Banjir tidak hanya mengganggu aktivitas masyarakat, tetapi juga menimbulkan kerugian ekonomi yang signifikan. Kerusakan rumah, fasilitas umum, serta terhambatnya roda perekonomian menjadi konsekuensi yang berulang setiap tahun. Hal ini menunjukkan bahwa banjir bukan sekadar bencana alam, melainkan juga akibat dari tata kelola lingkungan yang kurang berkelanjutan.
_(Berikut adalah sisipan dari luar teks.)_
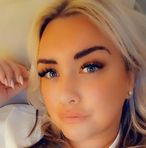 Charlene Casey - Facebook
 2. Dampak Pertambangan Batu Bara
Kalimantan Timur dikenal sebagai salah satu lumbung batu bara terbesar di Indonesia, dan Samarinda menjadi salah satu pusat kegiatan pertambangan tersebut. Aktivitas tambang batu bara memberikan kontribusi pada pertumbuhan ekonomi, tetapi sekaligus membawa dampak lingkungan yang serius. Lubang tambang yang terbengkalai sering kali menjadi ancaman bagi keselamatan masyarakat. Beberapa kasus meninggalnya anak-anak yang tenggelam di bekas lubang tambang memperlihatkan lemahnya pengawasan dan pemulihan lahan pascatambang (Hidayat & Mulyani, 2021).
Selain itu, kegiatan tambang menyebabkan degradasi lingkungan berupa rusaknya ekosistem hutan, berkurangnya keanekaragaman hayati, serta meningkatnya pencemaran air di sungai-sungai sekitar. Sungai Karang Mumus, misalnya, mengalami tekanan serius akibat sedimentasi dan limbah pertambangan yang masuk ke aliran air (WALHI, 2022).
 3. Pencemaran Air dan Sungai Karang Mumus
Sungai Karang Mumus merupakan sumber air penting bagi warga Samarinda. Namun, sungai ini menghadapi tekanan dari dua sisi sekaligus: limbah rumah tangga dan aktivitas industri. Banyaknya sampah domestik yang dibuang langsung ke sungai menurunkan kualitas air dan mengancam kesehatan masyarakat. Di sisi lain, aktivitas industri, khususnya pertambangan, juga memberikan kontribusi terhadap tingginya kandungan sedimen dan pencemaran kimia.
Kondisi ini menimbulkan persoalan ganda: hilangnya fungsi ekologis sungai serta memburuknya kualitas hidup masyarakat yang bergantung pada air sungai. Upaya normalisasi dan pembersihan sungai telah dilakukan pemerintah dan komunitas lokal, tetapi tanpa perubahan pola konsumsi serta pengelolaan limbah yang lebih baik, hasilnya belum signifikan (BPS Samarinda, 2023).